Study suggests Hollywood still thinks women are better seen and not heard
Published: December 1, 2011
That’s where even the Annenberg School’s Stacy Smith underestimates the gravity of the situation, just a little bit: “Some of this is a function of the fact that we see more males working behind the scenes than females, and they’re telling the stories that they know,” she tells the L.A. Times. But if women are more than half the population, then the stories those men “know” should be populated accordingly. These fellas have mothers and sisters and significant others. (Or, as they’re known at the Hollywood-executive level, “paid escorts.”) The members of the industry’s old-boys club aren’t depicting the world they know, but the one they want to see: one in which women aren’t around much, look great when they do show up and kindly vamoose before they can spoil the view by talking.
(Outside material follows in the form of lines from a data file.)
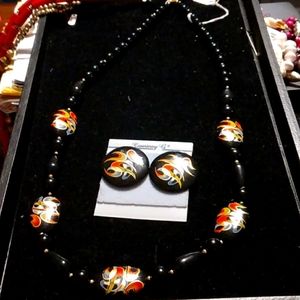 Glamorous lengthy black bead necklace with matching post earrings.
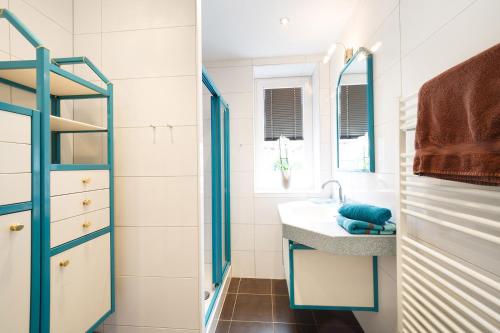 a bathroom with a sink and a mirror at Apartment Warter in Schladming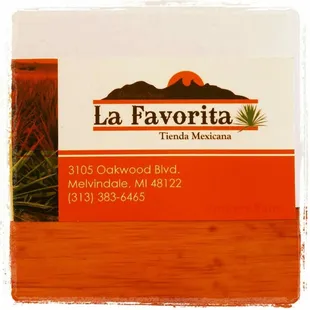 a business card on a wooden table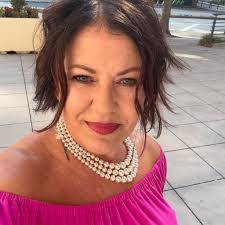 Fresno Police officer Katrina Lloyd flashes a peace sign to protesters as  they pass police headquarters, Sunday afternoon. A message from Police  Chief Hall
To put a rancid cherry on the whole rotten sundae, the speaking-part breakdown in the Annenberg study was unchanged from the previous year. Why might that be? Despite all the supposed advancements in society, why do women remain an underrepresented, comparatively silent minority in the medium that’s purported to embody our most fervent hopes and dreams?
Hell if I know. I should probably set aside time to think about it. But honestly, I’m spending all my free time on this Herman Cain website, where he’s warning any broad he might ever have attacked that she’ll keep her mouth shut if she knows what’s good for her. I swear it’s just a riot.